Ciertos alimentos procesados ​​no son saludables. Algunos. Me gustaría que hubiese un término mejor para ellos. Llamémoslos alimentos procesados ​​no saludables o UPF. Hola a todos los involucrados en ciencias de la alimentación y la nutrición, ¿podemos empezar a hacer esto? Vamos a llamarlos UPF, de ahora en adelante. Gracias. En realidad, todo el mundo que está por ahí leyendo, vamos a hacer que esto suceda. Twitea alguna foto de algún UPF que encuentres por ahí para @ LIVESTRONG_COM con el hashtag # UPF.

Los UPF son los alimentos que son altos en calorías y contienen demasiado sodio, azúcar, grasas trans e ingredientes irreconocibles que suenan como algo que Jack Bauer tuvo que evitar que fuese liberado en la atmósfera en "24".

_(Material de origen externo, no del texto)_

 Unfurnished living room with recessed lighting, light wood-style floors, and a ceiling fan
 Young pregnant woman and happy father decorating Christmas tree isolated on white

Algunos estudios vinculan "alimentos procesados​​" con enfermedad crónica, presión arterial alta, carcinógenos y menor coeficiente intelectual en los niños. Por eso le toca a los adultos ayudar a los niños a tomar decisiones saludables. En una conferencia de fitness, Nisevich Bede me relató que un chico se acercó a ella y le dijo: "Necesito una gran cantidad de calorías. ¿Por qué no puedo obtenerlas de las galletas de chocolate? Una caloría es una caloría". Ella le dijo al niño que el colon quiere mejores alimentos. Su corazón quiere mejores alimentos. Él no puede sobrevivir sólo con chatarra procesada.

Cuando las personas comen comida chatarra, afirma Nisevich Bede, se pierden la oportunidad de alimentarse con los buenos alimentos que sus cuerpo necesitan. "Si estás comiendo un bocadillo con pan blanco (que equivalen a un tipo de malvavisco mullido), acabas de perder la oportunidad de hacer el sándwich con un grano entero que tiene más vitaminas y fibra extra y que no va a causar tanto estrago en tu colesterol y en tu nivel de azúcar en la sangre".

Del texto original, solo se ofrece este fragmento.